Long before any ism or religion existed in humanity's consciousness, animist practice was the embodied experience of living beings.
Animism is not a theory, a philosophy, or an idea. It was simply how things were. A common understanding - across the entire world, for all of time.
Roberto Quijada, CC BY-NC
Animism is not a religion one can convert to but rather a label used for worldviews and practices. It identifies and describes acknowledge relationships between nature and the animal world. A driving force and influence over humans and a way of being that needed to be respected.
For ninety eight percent of human history 99.9% of our ancestors lived, breathed, and interacted within a world that they saw and felt to be animate - imbued with lifeforce. Inhabited by and permeated with energies with which we exist in ongoing relation.
This animate vision was the water in which we swam - consciousness in its natural dwelling place, the normative way of interacting in the world and our place in it.
Indigenous and animist perspectives illustrate that there are many different relationships possible between humans and the world around them, and many environmentalists are finding these alternatives instructive - despite the troubled history of the term.

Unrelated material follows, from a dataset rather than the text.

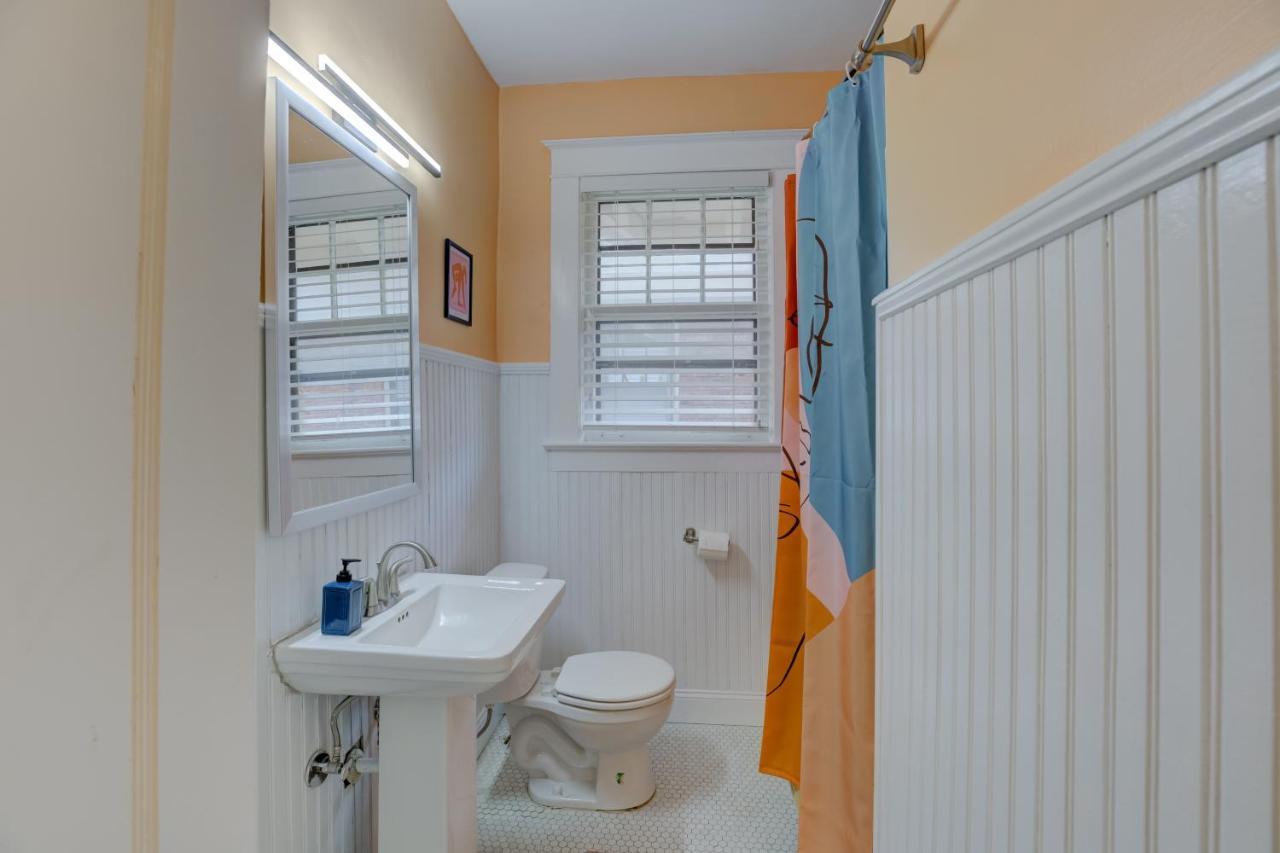 Spacious Bungalow With 6 Beds, Games, And Fire Pit - Close To Beale Street, Bbq, Graceland, & Liberty Bowl メンフィス エクステリア 写真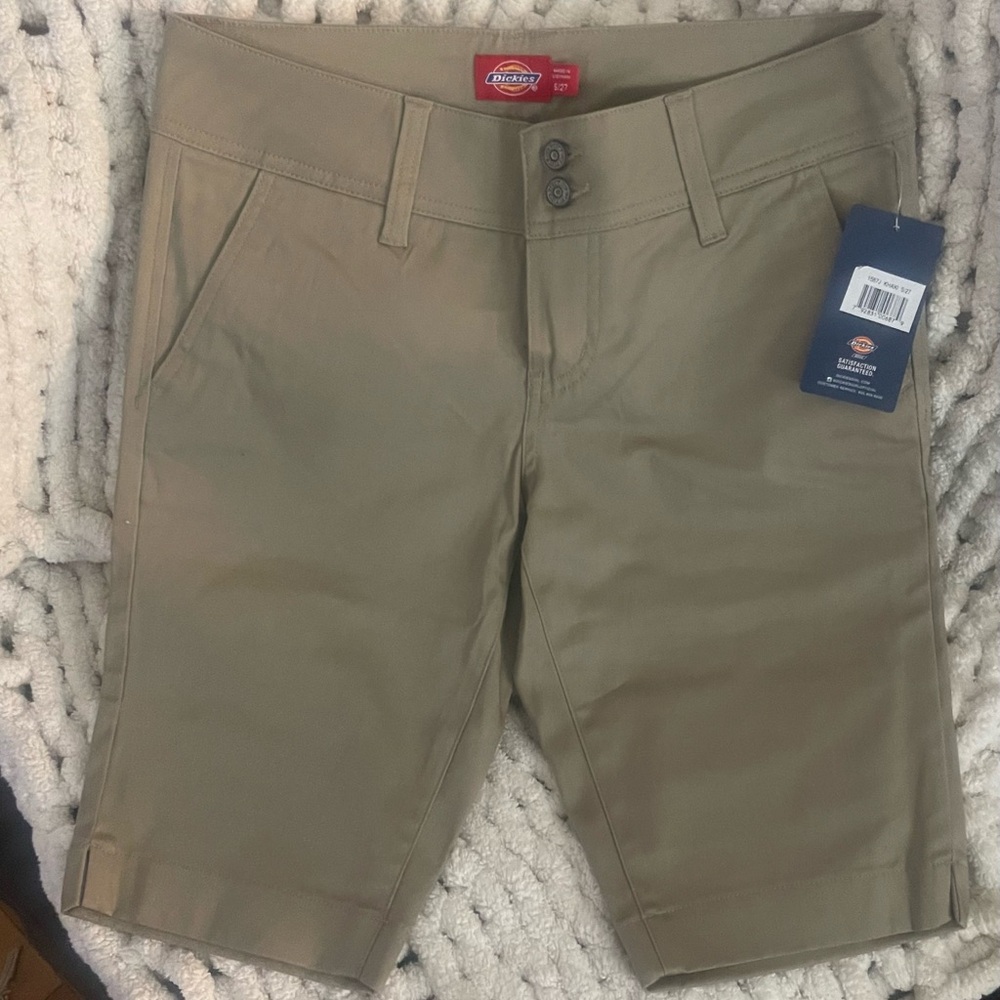 NWT Dickies Women's Khaki Bermuda Shorts Size 5/27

Helping individuals to remember their animist consciousness can lead to a shift among all of human consciousness. A direly needed direction that steers us back to a state of connection and equilibrium with the natural world. A regenerative turn that could well be our salvation.
Shifting our consciousness toward one of connection and reciprocal relationship with the natural world would heal us and the Earth. A return to our natural way of being - for all that live is the only way we can stay alive.
This is our whole purpose for being in this world and on this earth. Let us return to it soonest.